(Records from a data source)
□ □ □ □ □ □ □
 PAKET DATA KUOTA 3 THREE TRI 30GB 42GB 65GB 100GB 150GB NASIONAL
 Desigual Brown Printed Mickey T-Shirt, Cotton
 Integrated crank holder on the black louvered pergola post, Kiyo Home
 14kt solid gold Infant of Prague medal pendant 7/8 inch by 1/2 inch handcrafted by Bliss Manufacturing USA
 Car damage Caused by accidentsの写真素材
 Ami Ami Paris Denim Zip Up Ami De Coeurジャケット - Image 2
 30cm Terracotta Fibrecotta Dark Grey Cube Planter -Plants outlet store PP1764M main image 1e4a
□ □ □ □ □ □ □
Exercise details: Copy exactly the lines that begin with the one containing "Ami Ami Paris" and continue to the end of the records, both included, and nothing more.

Answer to this exercise:
 Ami Ami Paris Denim Zip Up Ami De Coeurジャケット - Image 2
 30cm Terracotta Fibrecotta Dark Grey Cube Planter -Plants outlet store PP1764M main image 1e4a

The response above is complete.